A lightly edited Q&A transcript follows:
1. What would be the main advantage for India of having its own gold exchange?
The three key advantages would be to enable pricing standardization, increase transparency and improve supply and demand analysis for the market. While no two countries are the same, I think that India can learn from the steps that China took by establishing the Shanghai Gold Exchange (SGE) to organize and coordinate Chinese gold transactions in 2001, as shown in this week’s report.
2. Why should the country also have its own bullion board and what would be the main role of such entity?
Establishing a gold board would enable gold to be used as part of the solution to the current account deficit and highlights that the precious metal can be used as an asset for the Indian economy, rather than a liability. The key role of such a board would be to manage imports, encourage exports and facilitate the development of an infrastructure that would help to ensure the Indian gold market functions to maximum effect.
3. Do you see a policy as the best solution to meeting Indians’ persisting appetite for the precious metal? Why?

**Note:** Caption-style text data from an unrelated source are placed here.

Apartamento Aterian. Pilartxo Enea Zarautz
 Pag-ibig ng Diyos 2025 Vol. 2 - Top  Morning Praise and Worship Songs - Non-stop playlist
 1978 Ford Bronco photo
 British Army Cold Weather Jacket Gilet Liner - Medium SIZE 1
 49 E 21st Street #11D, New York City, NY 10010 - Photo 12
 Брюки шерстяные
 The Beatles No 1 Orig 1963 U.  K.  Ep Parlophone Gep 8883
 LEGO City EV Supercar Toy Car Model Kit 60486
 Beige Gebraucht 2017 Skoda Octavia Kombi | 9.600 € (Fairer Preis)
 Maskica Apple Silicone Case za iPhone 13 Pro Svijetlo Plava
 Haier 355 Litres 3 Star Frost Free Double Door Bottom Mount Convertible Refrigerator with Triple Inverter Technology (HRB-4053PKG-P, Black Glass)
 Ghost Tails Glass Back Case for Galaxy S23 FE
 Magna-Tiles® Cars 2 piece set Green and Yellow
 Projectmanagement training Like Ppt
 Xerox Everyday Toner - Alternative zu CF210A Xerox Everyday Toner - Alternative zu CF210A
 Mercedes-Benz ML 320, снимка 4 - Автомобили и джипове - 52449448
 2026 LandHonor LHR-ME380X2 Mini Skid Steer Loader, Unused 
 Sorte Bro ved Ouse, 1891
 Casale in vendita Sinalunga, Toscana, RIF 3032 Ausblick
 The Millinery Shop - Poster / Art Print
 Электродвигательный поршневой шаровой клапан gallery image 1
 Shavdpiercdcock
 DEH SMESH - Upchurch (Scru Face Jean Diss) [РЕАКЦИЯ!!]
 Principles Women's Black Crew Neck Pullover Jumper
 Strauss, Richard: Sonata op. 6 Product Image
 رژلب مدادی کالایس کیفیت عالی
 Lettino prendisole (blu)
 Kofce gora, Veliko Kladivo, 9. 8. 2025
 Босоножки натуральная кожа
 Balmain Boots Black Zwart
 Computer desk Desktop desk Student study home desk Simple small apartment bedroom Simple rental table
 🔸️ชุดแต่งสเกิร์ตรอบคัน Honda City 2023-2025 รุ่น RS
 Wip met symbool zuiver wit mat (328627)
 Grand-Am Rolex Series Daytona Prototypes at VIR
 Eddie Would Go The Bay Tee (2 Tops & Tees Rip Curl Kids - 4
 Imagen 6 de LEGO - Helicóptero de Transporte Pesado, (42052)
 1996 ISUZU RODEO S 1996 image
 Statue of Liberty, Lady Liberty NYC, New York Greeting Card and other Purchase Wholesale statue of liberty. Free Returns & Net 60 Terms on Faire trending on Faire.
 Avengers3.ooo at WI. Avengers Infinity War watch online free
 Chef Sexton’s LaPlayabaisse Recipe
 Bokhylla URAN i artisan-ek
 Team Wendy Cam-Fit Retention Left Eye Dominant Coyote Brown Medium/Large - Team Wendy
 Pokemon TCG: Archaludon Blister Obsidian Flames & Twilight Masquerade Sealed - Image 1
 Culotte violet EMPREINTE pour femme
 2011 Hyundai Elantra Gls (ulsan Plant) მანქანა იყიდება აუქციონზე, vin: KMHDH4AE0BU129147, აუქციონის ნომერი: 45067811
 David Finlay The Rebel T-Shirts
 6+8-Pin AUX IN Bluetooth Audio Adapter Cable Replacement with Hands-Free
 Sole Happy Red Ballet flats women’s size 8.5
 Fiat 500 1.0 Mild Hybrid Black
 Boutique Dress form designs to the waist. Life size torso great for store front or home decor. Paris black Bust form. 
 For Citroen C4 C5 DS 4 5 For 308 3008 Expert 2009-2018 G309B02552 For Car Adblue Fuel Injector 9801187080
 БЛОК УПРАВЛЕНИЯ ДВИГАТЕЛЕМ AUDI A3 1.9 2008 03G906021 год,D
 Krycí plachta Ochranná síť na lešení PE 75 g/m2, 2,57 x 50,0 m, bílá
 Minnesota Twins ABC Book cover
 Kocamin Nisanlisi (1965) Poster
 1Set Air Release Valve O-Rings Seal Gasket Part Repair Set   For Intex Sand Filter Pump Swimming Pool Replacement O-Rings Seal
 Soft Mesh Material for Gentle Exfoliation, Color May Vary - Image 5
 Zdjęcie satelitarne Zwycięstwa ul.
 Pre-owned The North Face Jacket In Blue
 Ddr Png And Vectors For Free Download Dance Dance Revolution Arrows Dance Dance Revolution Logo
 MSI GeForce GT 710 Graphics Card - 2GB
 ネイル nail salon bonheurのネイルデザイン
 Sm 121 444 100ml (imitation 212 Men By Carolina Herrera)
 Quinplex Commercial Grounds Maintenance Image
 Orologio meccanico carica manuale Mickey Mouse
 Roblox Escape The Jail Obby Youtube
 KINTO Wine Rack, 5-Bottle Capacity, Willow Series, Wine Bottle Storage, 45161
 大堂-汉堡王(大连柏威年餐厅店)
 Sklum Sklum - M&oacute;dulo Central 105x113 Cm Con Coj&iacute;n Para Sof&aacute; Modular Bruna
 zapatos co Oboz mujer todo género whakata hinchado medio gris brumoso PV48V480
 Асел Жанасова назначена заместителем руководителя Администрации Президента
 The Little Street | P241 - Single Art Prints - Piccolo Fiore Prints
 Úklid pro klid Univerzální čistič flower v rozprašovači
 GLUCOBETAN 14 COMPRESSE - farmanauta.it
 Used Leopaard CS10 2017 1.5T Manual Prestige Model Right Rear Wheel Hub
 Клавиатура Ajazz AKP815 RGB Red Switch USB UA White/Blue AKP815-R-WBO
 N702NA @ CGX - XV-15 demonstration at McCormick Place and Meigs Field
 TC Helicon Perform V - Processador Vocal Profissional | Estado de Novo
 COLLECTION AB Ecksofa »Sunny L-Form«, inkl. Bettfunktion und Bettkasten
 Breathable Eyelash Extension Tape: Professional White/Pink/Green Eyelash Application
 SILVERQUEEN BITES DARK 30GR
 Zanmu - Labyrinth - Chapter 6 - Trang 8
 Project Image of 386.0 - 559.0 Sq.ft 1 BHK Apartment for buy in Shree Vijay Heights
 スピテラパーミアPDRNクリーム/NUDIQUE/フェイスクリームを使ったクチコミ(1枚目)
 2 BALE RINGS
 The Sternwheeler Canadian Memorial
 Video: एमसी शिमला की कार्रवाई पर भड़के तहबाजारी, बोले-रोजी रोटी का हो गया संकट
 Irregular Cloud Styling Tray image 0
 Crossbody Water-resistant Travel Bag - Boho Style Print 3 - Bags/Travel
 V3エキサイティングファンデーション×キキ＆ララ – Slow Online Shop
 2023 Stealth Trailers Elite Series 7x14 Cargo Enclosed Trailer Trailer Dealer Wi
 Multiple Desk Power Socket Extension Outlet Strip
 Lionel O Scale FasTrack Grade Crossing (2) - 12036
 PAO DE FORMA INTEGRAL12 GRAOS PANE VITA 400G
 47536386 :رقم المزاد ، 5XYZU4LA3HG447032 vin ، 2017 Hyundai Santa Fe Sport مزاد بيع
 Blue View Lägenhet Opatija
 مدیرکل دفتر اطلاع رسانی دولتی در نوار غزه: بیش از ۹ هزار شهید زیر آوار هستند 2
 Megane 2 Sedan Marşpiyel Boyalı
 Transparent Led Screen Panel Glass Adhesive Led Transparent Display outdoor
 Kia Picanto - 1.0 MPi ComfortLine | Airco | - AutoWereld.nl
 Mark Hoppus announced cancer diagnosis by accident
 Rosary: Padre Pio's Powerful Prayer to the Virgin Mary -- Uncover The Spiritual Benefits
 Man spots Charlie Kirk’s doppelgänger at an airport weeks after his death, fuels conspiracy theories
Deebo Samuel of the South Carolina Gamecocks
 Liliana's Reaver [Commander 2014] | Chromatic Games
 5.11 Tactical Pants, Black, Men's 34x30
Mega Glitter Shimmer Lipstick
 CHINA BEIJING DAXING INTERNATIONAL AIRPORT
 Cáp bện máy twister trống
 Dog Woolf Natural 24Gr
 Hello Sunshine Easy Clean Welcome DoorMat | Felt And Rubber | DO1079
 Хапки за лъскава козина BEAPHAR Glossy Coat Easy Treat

We do. Not only would a comprehensive national gold policy allow gold to realize its potential in India and work for the economic good of the country, it would not impede Indians’ long standing affinity to the precious metal. If anything, it would help to support it.
One of the highlights of the survey findings is that more than 60% of respondents said they would consider depositing gold with a financial institution in return for interest and most said they would be happy to receive cash, branded coins or different gold from their initial deposit at maturity. Consumers are willing to consider interest bearing gold-based investment products, even if they receive different gold at the end of the tenure.
People in India buy gold as a long-term investment to protect their wealth and gold also has huge significance socially, emotionally and economically in India. The purchase of gold jewellery and coins comprises of 8% of daily consumption of a household, which is only marginally behind medical expenses and education. This clearly validates the fact that gold has been intimately interlinked with Indian society and culture as well as playing an integral role in annual household savings; which we believe can be put to work through a national gold policy.
4. Where to start?
We believe that it is essential to make better use of the 22,000 tonnes of gold held in Indian households — ensuring that gold becomes a fungible asset like any other financial savings.
A national policy would enable the industry to embrace a bigger vision of becoming the “jeweller to the world” in line with the Indian Government’s “Make in India” ambitions; whilst new gold refineries will help to create gold bars of an internationally accepted standard and accreditation centres will certify the purity of gold products. This will allow India to play a more important role in the international gold market, reflecting its status as a driver of gold demand.
As outlined by the seven key recommendations in the report, we fundamentally believe a comprehensive national gold policy would allow gold to realise its potential in India and work for the economic good of the country.
The recommendations in the report are backed by data driven analytics, for which, the World Gold Council commissioned The Federation of Indian Chambers of Commerce and Industry (FICCI) to conduct a widespread survey of Indian consumers.
The goal was to discover why they buy gold, why they sell it and how they would respond to initiatives aimed at monetizing gold in India. The study was conducted with 5,000 respondents across India, including roundtable discussions and extensive interviews with stakeholders from the industry.